The case reached the Supreme Court in June 2014. The case now looked at the 'unfair relationship' created between her and Paragon under the Consumer Credit Act 1974, because the high commission within the PPI premium hadn't been disclosed.
Outcome: The Supreme Court ruled in Plevin's favour and agreed that she had been mis-sold PPI. They further decided that an unfair relationship existed between Plevin and Paragon because of the undisclosed commission.
The FCA and Plevin
The Plevin ruling has had huge implications for consumers and lenders alike. The Financial Conduct Authority (FCA) had to act and produce some guidance on how PPI matters were to be dealt with and how PPI complaints should be handled.
The FCA determined that if anyone had PPI attached to any active finance from a bank or lender since 2008, they may be owed some money.
Before Plevin, the only way to reclaim PPI was if you had been mis-sold it. However, after Plevin, the FCA set out some guidelines to define what high commission was in this case: if 50% of the cost of your PPI was paid as commission to the lender, and this wasn't made clear to you at the time, you can claim back the extra above the 50%. The reason is because this creates an unfair relationship between the lender and the customer under the Consumer Credit Act 1974 section 140A. The guidelines further outlined how banks should investigate and correct PPI commission.

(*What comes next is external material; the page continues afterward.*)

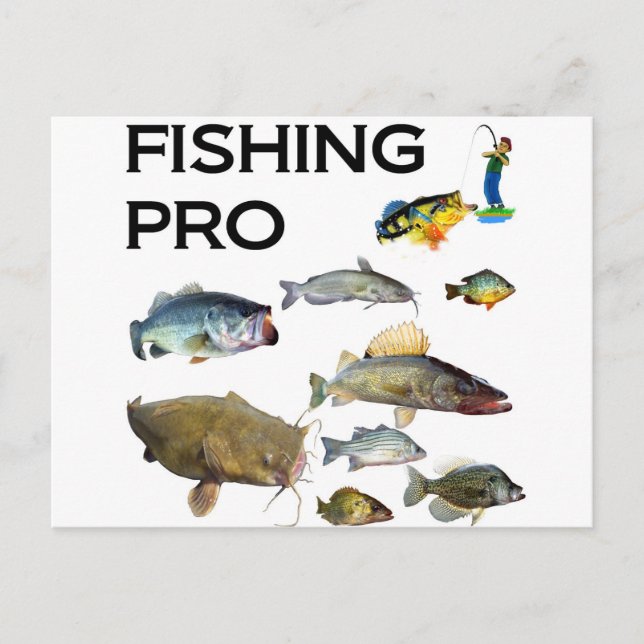 Fishing Pro Postcard (Front)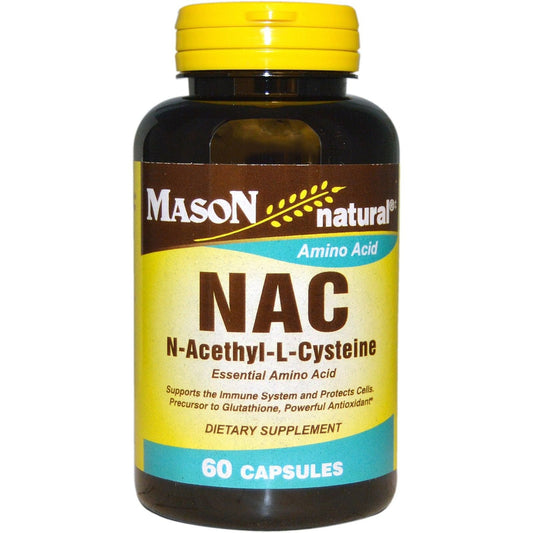 Mason Natural NAC N-Acethyl-L-Cysteine, 500 Mg, 60 Capsules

Are You Eligible For A PPI Commission Claim?
If any of the situations below apply to you, there may be grounds to make a claim:
- Your credit agreement was covered by section 140A of the Consumer Credit Act 1974;
- You weren’t told about the commission that was being charged on your policy;
- The commission paid was more than 50% of your premium with the average commission being charged at 60-70% of premium being paid by most banks and lenders.
What is the Double Recovery rule?
The Double Recovery rule came into effect on 29 August 2017 and is when a customer has already claimed successfully for mis-sold PPI, they cannot later claim again for unfair relationship. This also applies if customers didn't receive full redress.
The PPI Deadline
An announcement was made by the FCA that there would be a deadline for PPI complaints to be submitted by. The date of 29 August 2019 is the last day for people to make their claims by. After this point customers will lose the right make a complaint.
It must be made clear that the deadline applies only to complaints that are made to lenders directly or are referred to the Financial Ombudsman Service (FOS). After the deadline there is still the option of persuing a claim using legal channels and the courts. The downside to issuing court proceedings is the high cost compared to a claim using the FOS which is free.